In a previous tutorial, we analysed the dataset on
lettuce plants using ANOVA. However, it was not clear
if all the assumptions of ANOVA were met. Indeed, with
only 7 datapoints per group, it is very hard to assess
the assumptions of normality and equal variances.

Therefore, we will re-analyse the dataset by using the
non-parametric alternative to ANOVA, the `Kruskal-Wallis test`.
We will first give a concise overview of what we saw in the
ANOVA analysis, which can be found in the
`ANOVA_lettuce_plants.Rmd` file.

The researchers want to find out if biochar, compost and
a combination of both biochar and compost have an influence
on the growth of lettuce plants.
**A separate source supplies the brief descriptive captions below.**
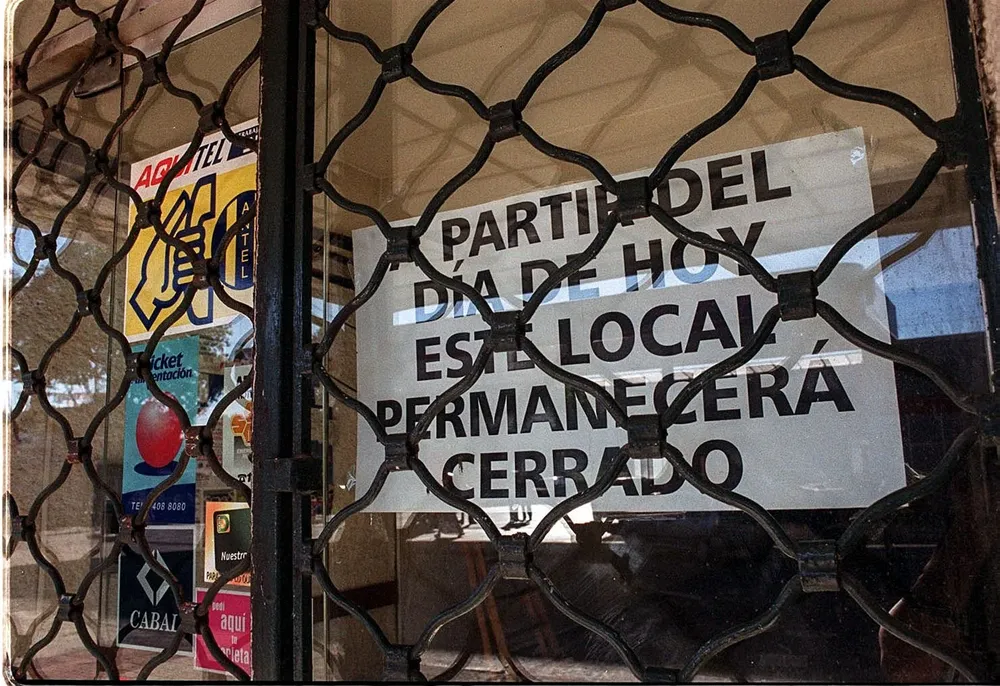 Aumentó la cantidad de empresas cerradas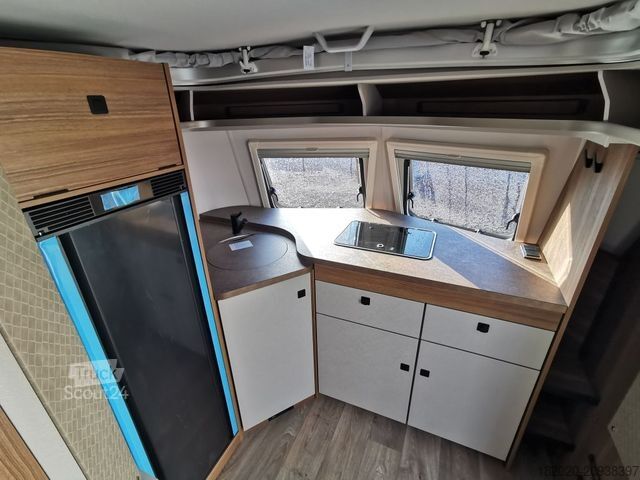 Caravana HYMER/ERIBA Touring 620 Ausstattungslinie Legend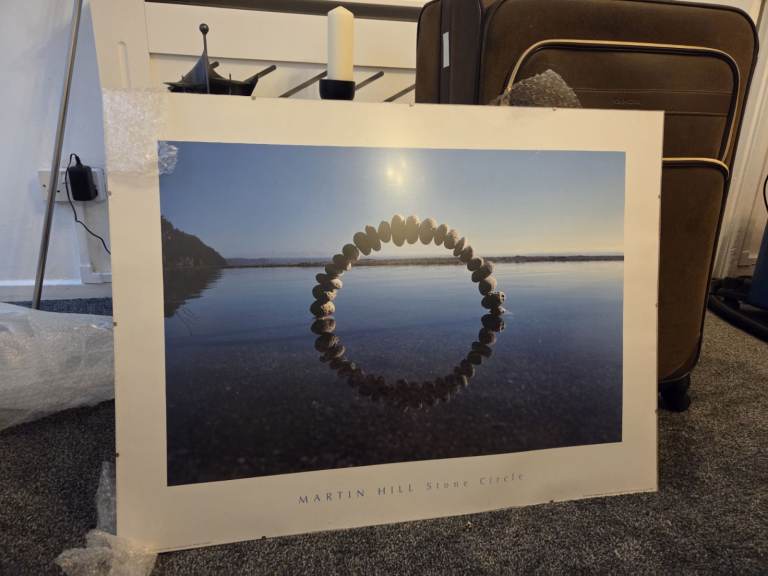 Martin Hill 'Solar Equilbrium' Print
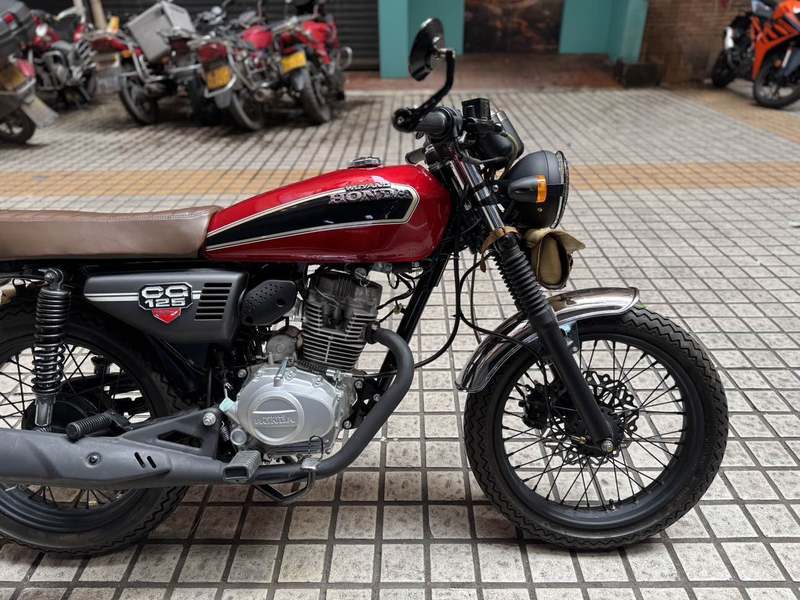 二手五羊本田CG125
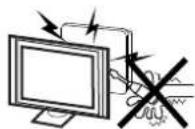 HAIER LET46C800HF - AVVISI E CAUTELA - 1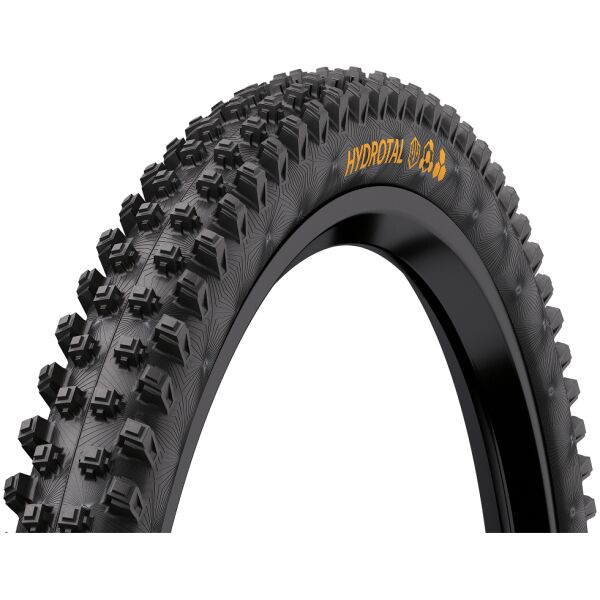Покришка безкамерна Continental Hydrotal Downhill 27.5 x 2.40 SuperSoft чорна, доладна skin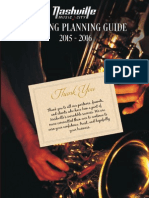 Nashville Meeting Planning Guide 2015-16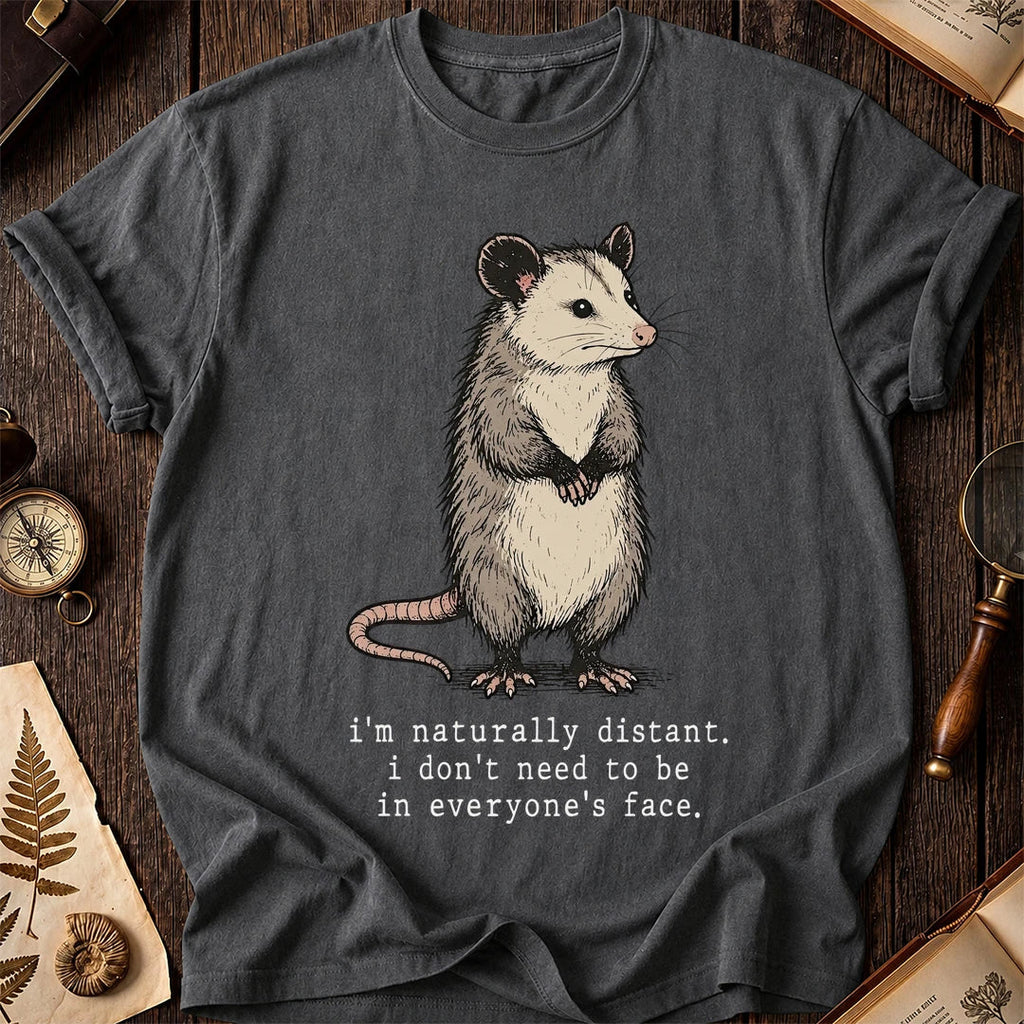 Need Space Possum T-Shirt product image 6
To this end, they grew up
lettuce plants in a greenhouse. The pots were filled with
one of four soil types;

1. Soil only (control)
2. Soil supplemented with biochar (refoak)
3. Soil supplemented with compost (compost)
4. Soil supplemented with both biochar and compost (cobc)

The dataset `freshweight_lettuce.txt` contains the freshweight
(in grams) for 28 lettuce plants (7 per condition).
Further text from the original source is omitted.